Thick coppers won’t return stolen puppy!

After saving up for months for a pedigree puppy, Leanne Stewart did the sensible thing and had her new pet microchipped.

So when the mother-of-two’s Chinese shar pei Millie was stolen from her back garden, she at least had the comfort of hoping she would eventually be returned to them.

It took more than six months but, eventually, the £750 puppy was traced. Miss Stewart – and more importantly her nine-year-old daughter Megan – were expecting an emotional reunion with the pet. But this has been dashed by police.

They have been told that they cannot take Millie off the new owner because the man bought the dog in good faith – despite the microchip proving she is Miss Stewart’s.

Now she faces the agonising choice between a lengthy – and potentially expensive – legal battle or accepting she will never see her puppy again.

At the end of the day she’s my dog, she’s been stolen. I bought Millie, I have got the papers for her and she is registered in my name. I just can’t understand it.

The Liverpool coppers throw their hands up and say it’s a civil matter, now. They don’t have the brains they were born with.

You can be assured if someone was found with some of the clobber stolen from Liverpool footballers [everytime they do a match outside the country] the goodies would be personally shuttled home.
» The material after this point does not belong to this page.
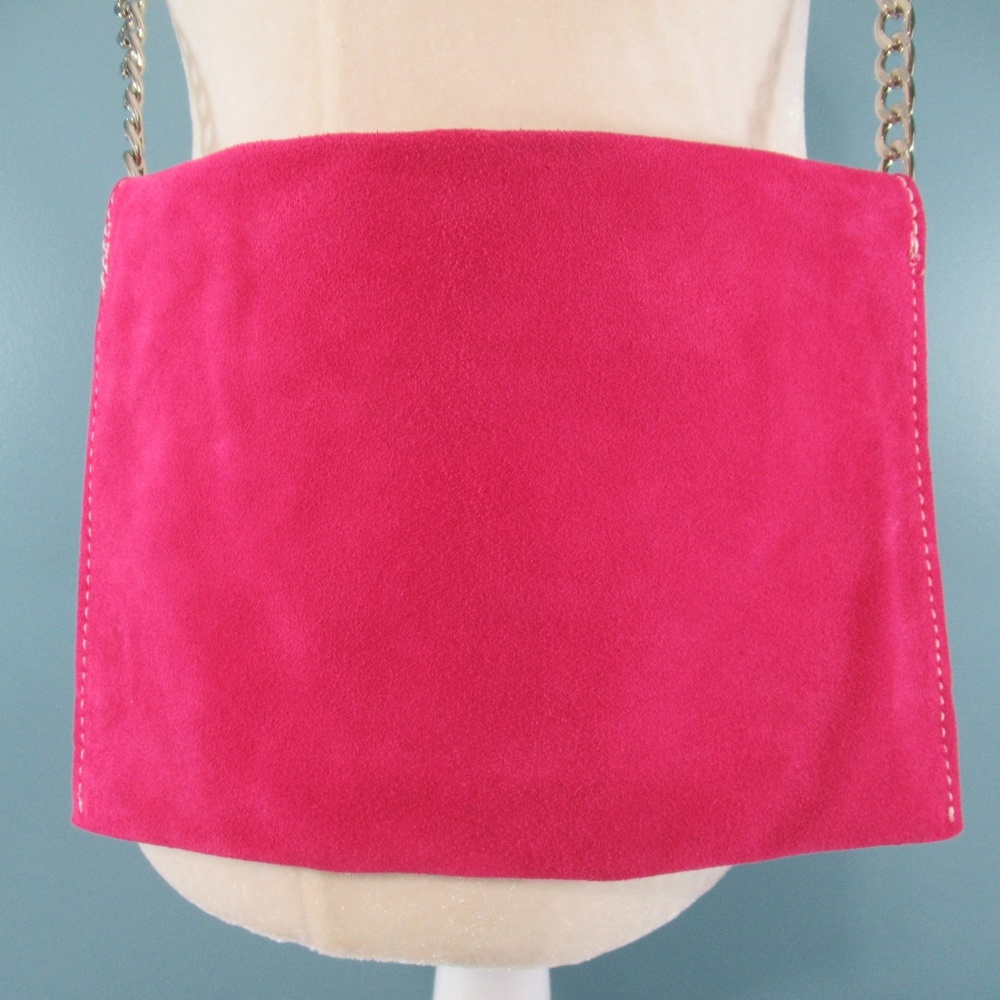 Maurizio Pink Suede Envelope Bag NWOT - Picture 4 of 7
2 thoughts on “Thick coppers won’t return stolen puppy!

  1. Morey says:

    I’ve always wanted pets on some level to be given legal status as members of the family. In the first place, it would put the fear of God [sorry, Eid, it’s just an expression] into some pet owners who have enjoyed viewing their animals only as personal property. In the second, it would make reunions in cases such as this one clearcut even for a bureaucrat.

    I say “on some level”, because obviously a lot of things would have to be worked out (like suppose you want to give your pet to someone else). The bottom line is that I am not comfortable with the way in which animals’ interests are often subordinated to almost everything else.